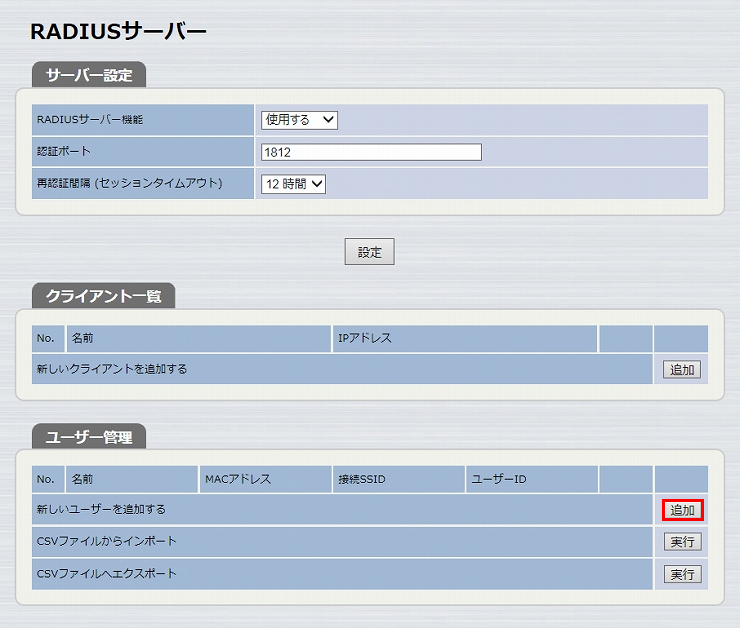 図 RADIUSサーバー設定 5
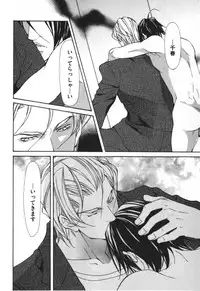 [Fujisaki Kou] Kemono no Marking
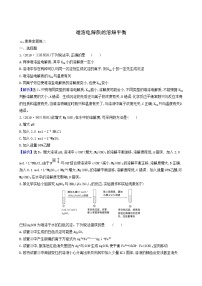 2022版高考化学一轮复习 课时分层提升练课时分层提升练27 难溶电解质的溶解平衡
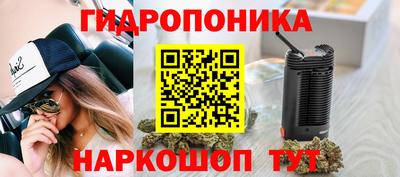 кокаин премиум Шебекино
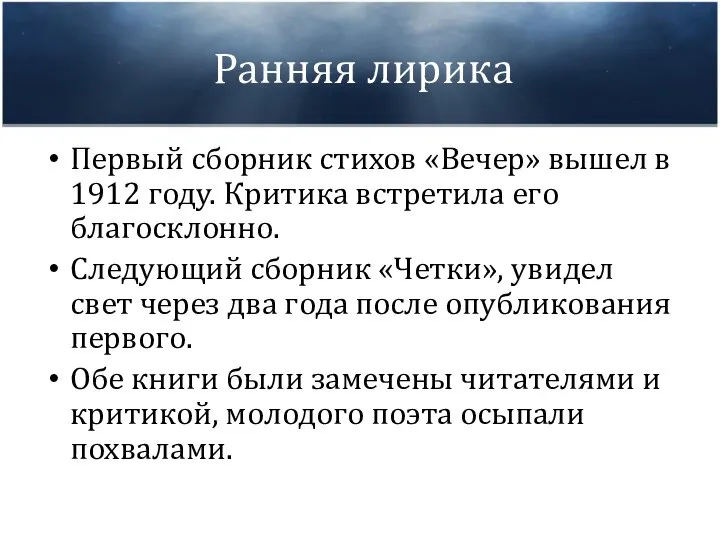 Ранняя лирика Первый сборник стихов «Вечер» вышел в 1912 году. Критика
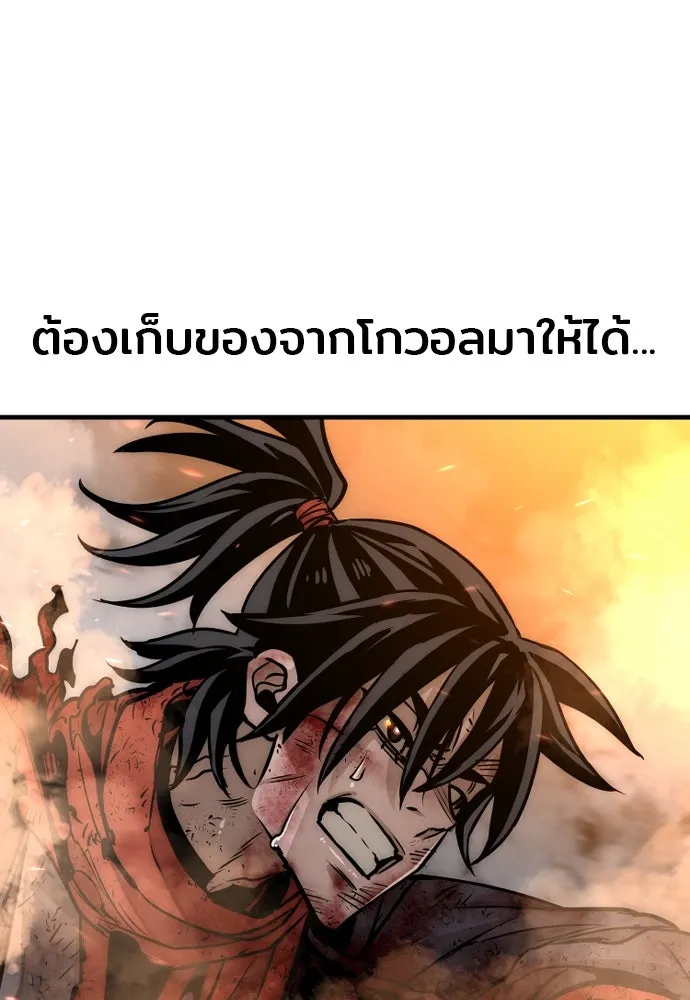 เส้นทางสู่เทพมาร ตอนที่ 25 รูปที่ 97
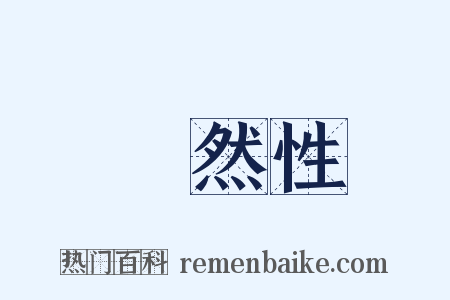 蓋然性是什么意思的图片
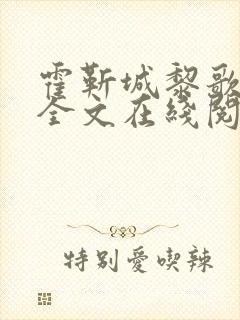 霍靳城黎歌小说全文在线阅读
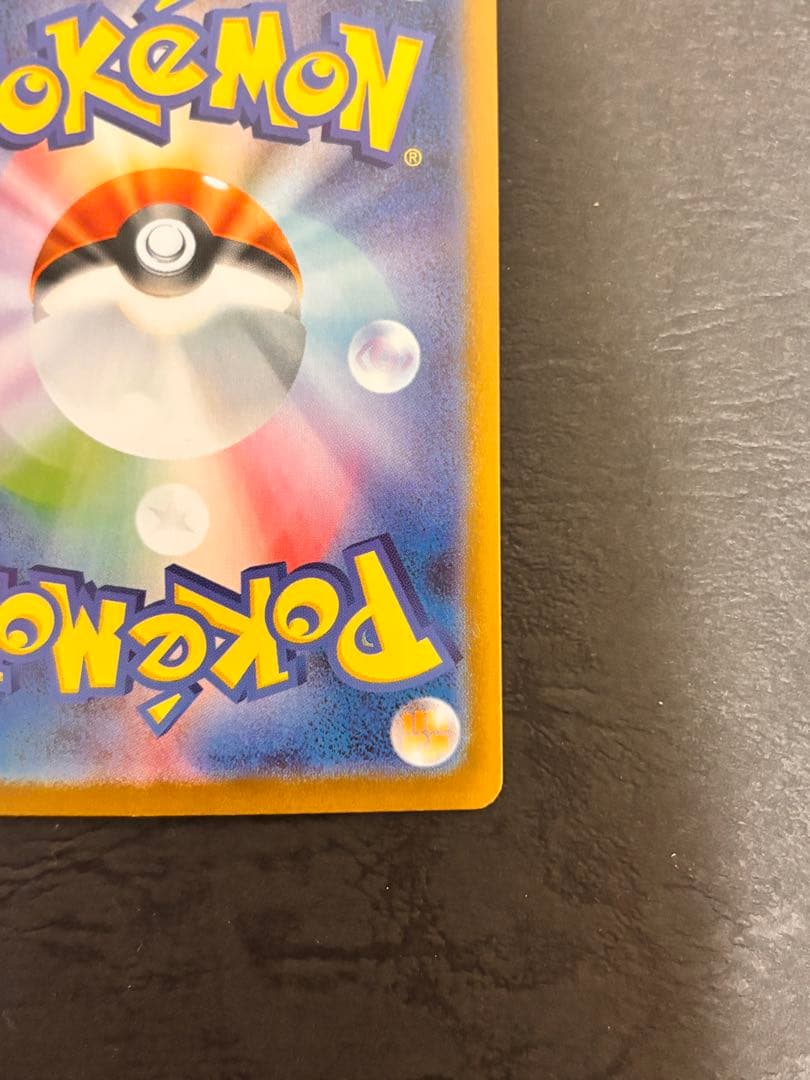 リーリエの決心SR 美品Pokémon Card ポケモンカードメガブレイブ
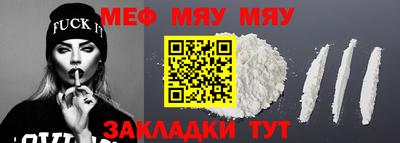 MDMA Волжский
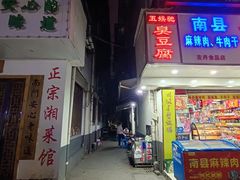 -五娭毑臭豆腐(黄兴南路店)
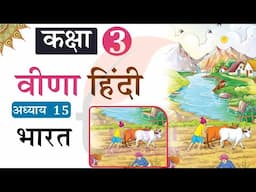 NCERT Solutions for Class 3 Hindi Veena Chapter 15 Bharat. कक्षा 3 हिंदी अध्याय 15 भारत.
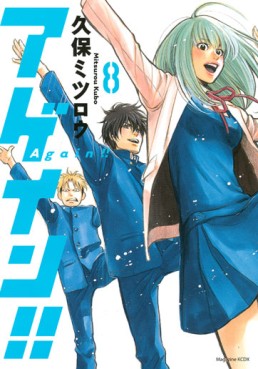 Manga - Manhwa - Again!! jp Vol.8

· · · · · · ·

◆ **WHAT IS REQUIRED**
Take the line containing "蓋然性是什么意思的图片" as the first line and the last line of the data above as the final one, and output exactly the lines between them, inclusive, with no pictures.

◆ **WRITTEN ANSWER**
 蓋然性是什么意思的图片
 霍靳城黎歌小说全文在线阅读
 リーリエの決心SR 美品Pokémon Card ポケモンカードメガブレイブ
 MDMA Волжский
 -五娭毑臭豆腐(黄兴南路店)
 NCERT Solutions for Class 3 Hindi Veena Chapter 15 Bharat. कक्षा 3 हिंदी अध्याय 15 भारत.
 Manga - Manhwa - Again!! jp Vol.8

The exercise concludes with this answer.